Что же касается идеологического аспекта их борьбы, то более чем очевидно, что популисты ведут войну, которую просто невозможно выиграть. Если бы республиканцам действительно удалось полностью запретить аборты, если бы они запретили преподавание эволюции, если бы они подчинили Голливуд и массовую культуру федеральному регулированию, то это означало бы не только их немедленное идеологическое поражение, но также и широкомасштабную экономическую депрессию в США. Результатом этого оказывается изнурительный симбиоз: хотя «правящий класс» не соглашается с моральными требованиями популистов, он терпит их «моральную войну» как средство держать низшие классы под контролем, то есть чтобы позволить им высказывать свое негодование не мешая ничьим экономическим интересам. Это означает, что КУЛЬТУРНАЯ ВОЙНА ЕСТЬ КЛАССОВАЯ ВОЙНА в замещенном виде — этим достаточно сказано для тех, кто заявляет, будто мы живем в постклассовом обществе…
Однако это обстоятельство еще не помогает разгадать нашу загадку: как такое замещение возможно? «Глупость» и «идеологическая манипуляция» не годятся как ответы; совершенно очевидно, что недостаточно заявить, будто примитивным низшим классам промывают мозги с помощью идеологического аппарата и потому они более не способны распознать свои настоящие интересы. Давайте хотя бы вспомним, как несколькими десятилетиями раньше тот же самый Канзас был оплотом американского прогрессивного популизма, — а люди явно не поглупели за последние десятилетия… И тут также не годится прямое «психоаналитическое» объяснение в духе стародавнего Вильгельма Райха (либидинальные инвестиции людей побуждают их действовать против их рациональных интересов): тут слишком напрямую сталкиваются либидинальная экономика и экономика в собственном смысле, в то время как их опосредование не принимается во внимание. Решение в духе Эрнесто Лаклау также оказывается недостаточным: нет «естественной» связи между данной социоэкономической позицией и связанной с ней идеологией, так что бессмысленно говорить об «обмане» или «ложном сознании», как если бы существовал стандарт «надлежащей» идеологической настороженности, вписанный в саму «объективную» социоэкономическую ситуацию; всякое идеологическое здание есть результат гегемониальной борьбы за установление/навязывание цепи эквивалентностей, борьбы, исход которой совершенно случаен, не гарантирован какими-либо внешними референтами вроде «объективной социально-экономической позиции»… При таком общем ответе загадка просто исчезает.

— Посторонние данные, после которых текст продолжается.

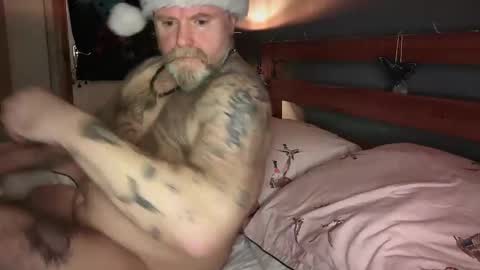 Tattooeddilf 01 online show from 12.25.24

Во-первых, здесь следует отметить, что в культурной войне участвуют двое: культура является доминирующей идеологической темой для «просвещенных» либералов, политика которых, фокусируясь на борьбе против сексизма, расизма и фундаментализма, ведется во имя мультикультурной толерантности. Ключевой вопрос, соответственно, таков: почему «культура» возникает как центральная категория нашего жизненного мира? Если говорить о религии, мы теперь больше не «верим реально», мы просто следуем (некоторым) из религиозных ритуалов и обычаев. Это часть нашего уважительного отношения к «образу жизни» того сообщества, к которому мы принадлежим (нерелигиозные евреи следуют правилам кошерности «из уважения к традиции» и т. п.). Такие высказывания, как «я не верю в это по-настоящему, это просто часть моей культуры», кажутся сегодня преобладающей формой отреченной/замещенной веры, характерной для нашего времени. Что такое образ жизни некой культуры, если не тот факт, что, хотя мы не верим в Санта-Клауса, все же в каждом доме есть рождественская елка и в декабре ею украшаются даже общественные здания? Возможно, тогда «не-фундаменталистское» понятие «культуры», в отличие от «реальной» религии, искусства и т. д., ЕСТЬ в своей подлинной сути имя для всего поля отчужденных/безличных верований — «культура» служит именем для всех тех вещей, которые мы обычно делаем, не веря в них по-настоящему, не «воспринимая их серьезно».